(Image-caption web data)
BEGIN

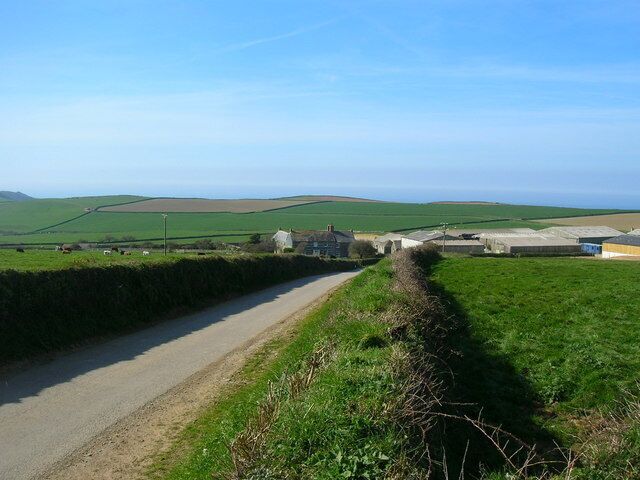 Roscarrock Old farmhouse and newer farm buildings set safely off the beaten coastal path which runs between Port Quin, hidden in a valley to the left, and Port Isaac, 90 degrees to the right.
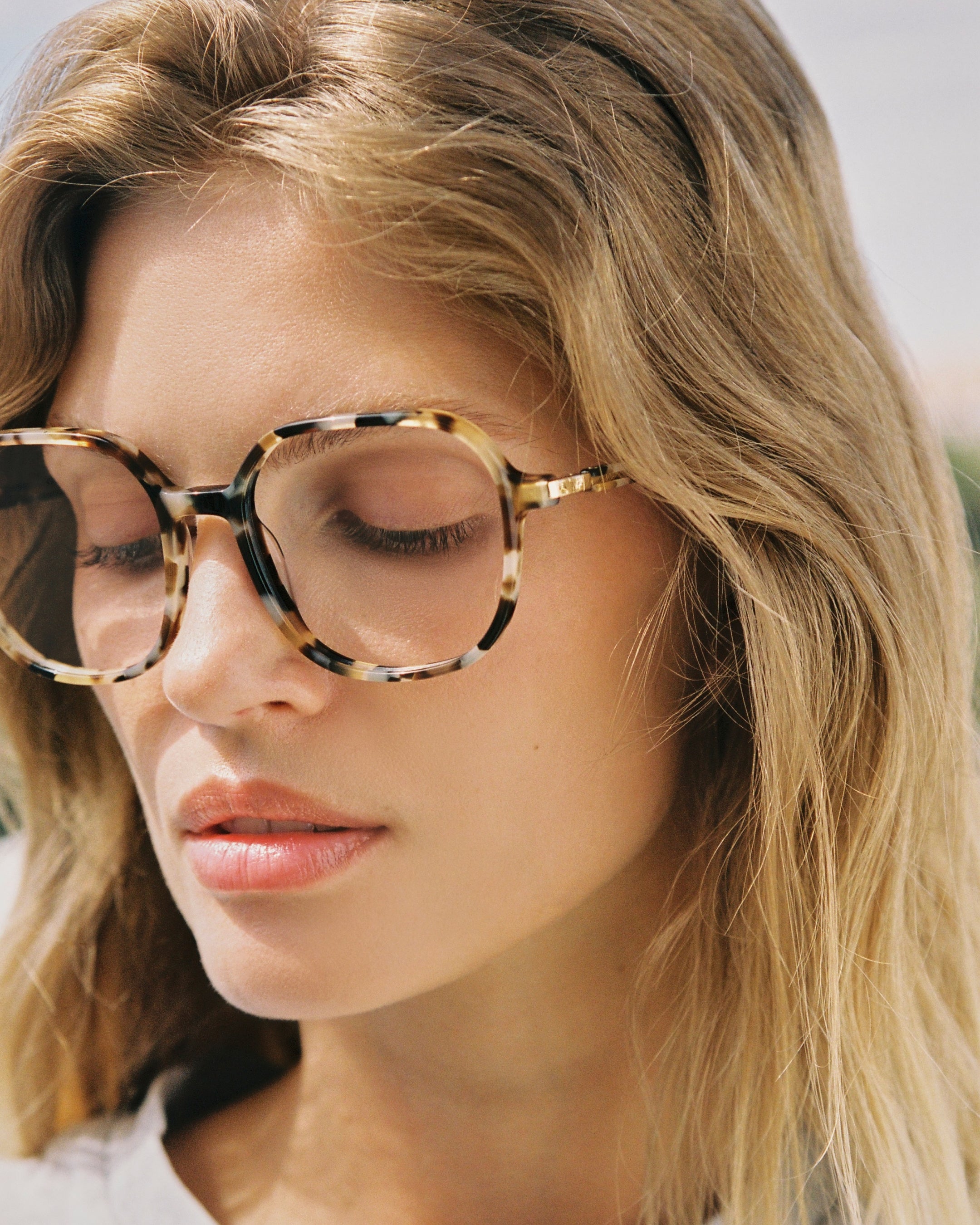 jimmy-fairly-la-ade-lunettes-de-vue-carr-es-tortoise-medium-femme image 3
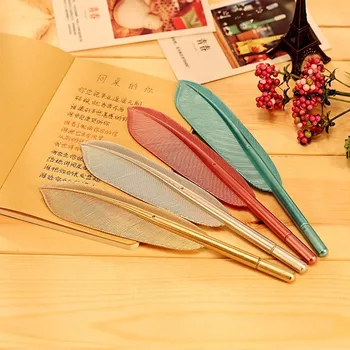 

1PCS Creative Cute Beautiful Feather Pens Gel Pen Writing For School Supplies Stationery Cheap Items Kawaii Pen Stationery Items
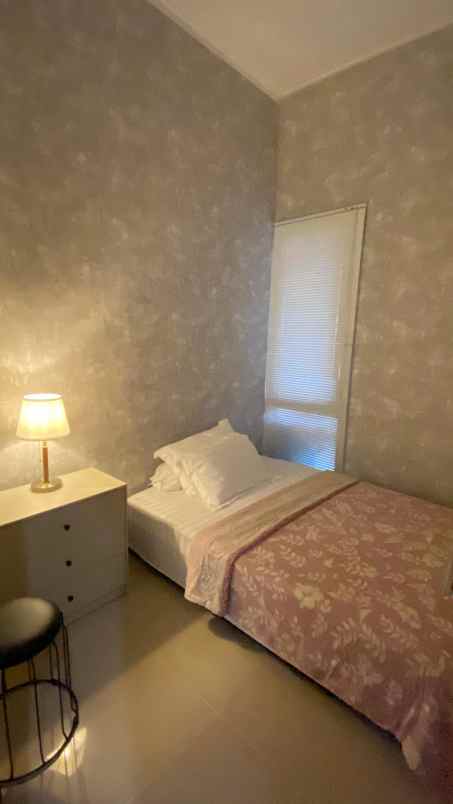 dijual rumah komplek cherryfield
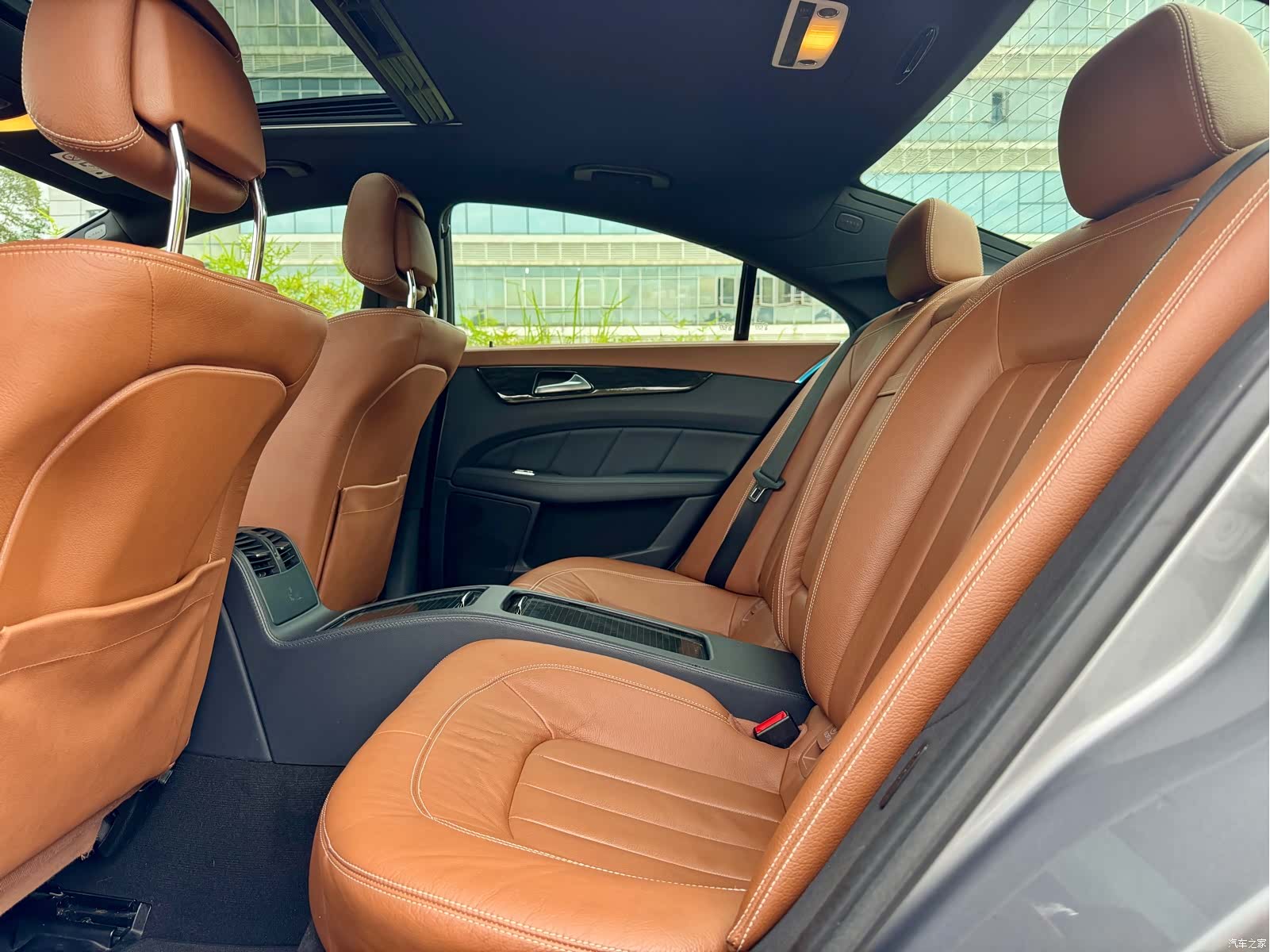 Mercedes-Benz CLS, 2016 8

END

**REQUIRED ACTION**
Would you provide an exact, picture-free copy of the data above?

**RESPONSE AREA**
 Roscarrock Old farmhouse and newer farm buildings set safely off the beaten coastal path which runs between Port Quin, hidden in a valley to the left, and Port Isaac, 90 degrees to the right.
 jimmy-fairly-la-ade-lunettes-de-vue-carr-es-tortoise-medium-femme image 3

1PCS Creative Cute Beautiful Feather Pens Gel Pen Writing For School Supplies Stationery Cheap Items Kawaii Pen Stationery Items
 dijual rumah komplek cherryfield
 Mercedes-Benz CLS, 2016 8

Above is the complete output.